** Information shown follows **

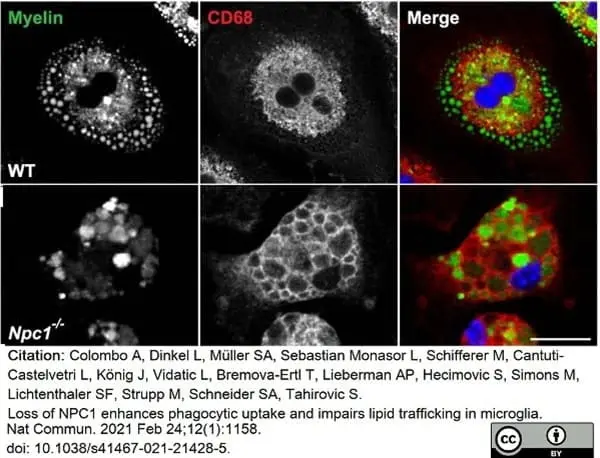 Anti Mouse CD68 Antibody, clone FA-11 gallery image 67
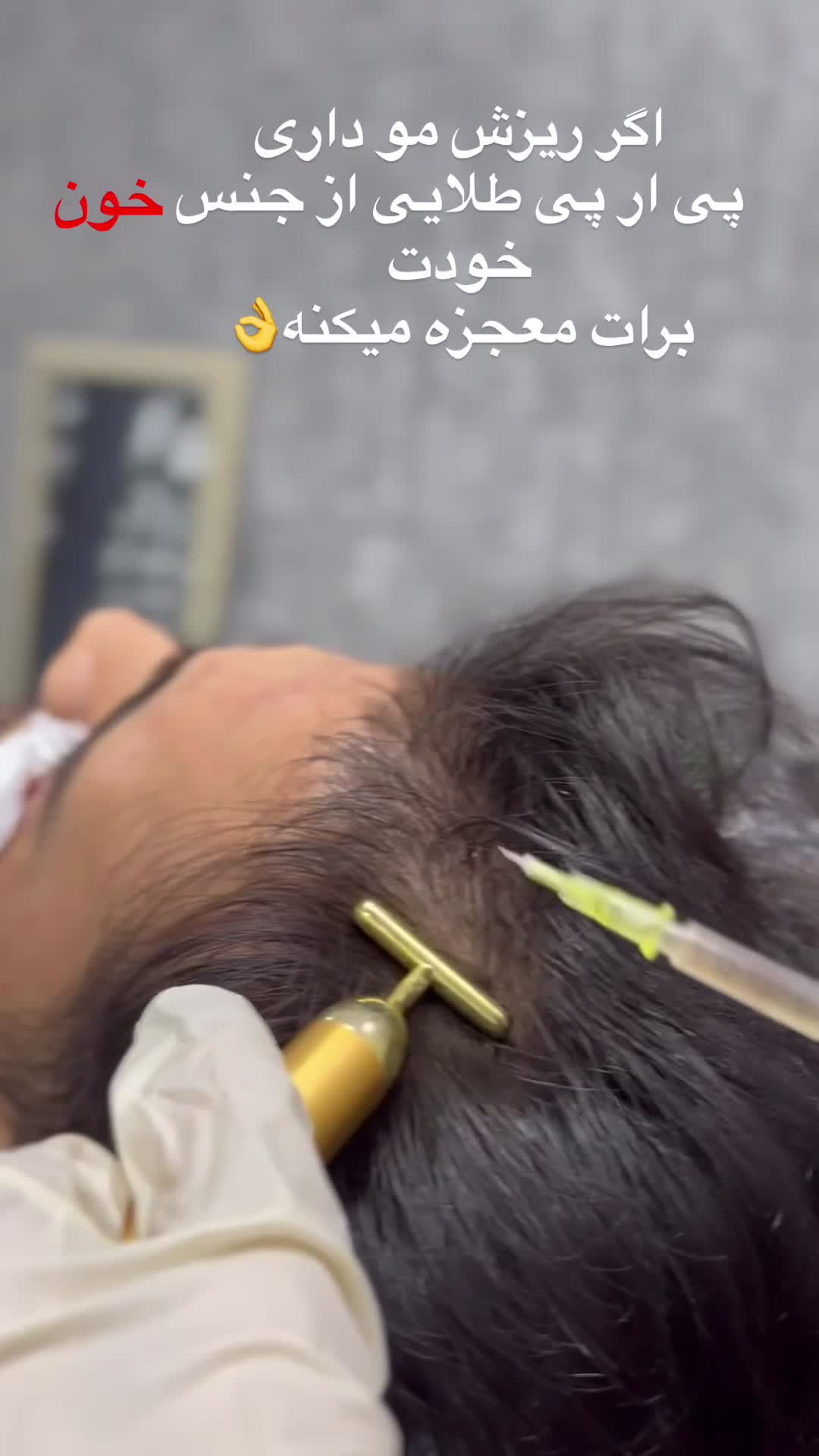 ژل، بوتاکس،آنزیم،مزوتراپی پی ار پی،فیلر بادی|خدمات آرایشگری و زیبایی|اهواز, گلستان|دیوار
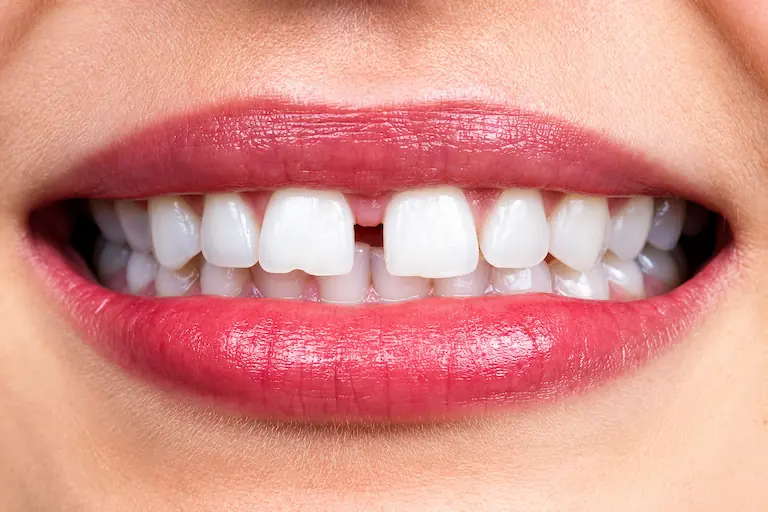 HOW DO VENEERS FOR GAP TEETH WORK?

** End of Information shown **

## Directions
Print the whole listing above once more, word for word, without its pictures.

## Exercise answer
 Anti Mouse CD68 Antibody, clone FA-11 gallery image 67
 ژل، بوتاکس،آنزیم،مزوتراپی پی ار پی،فیلر بادی|خدمات آرایشگری و زیبایی|اهواز, گلستان|دیوار
 HOW DO VENEERS FOR GAP TEETH WORK?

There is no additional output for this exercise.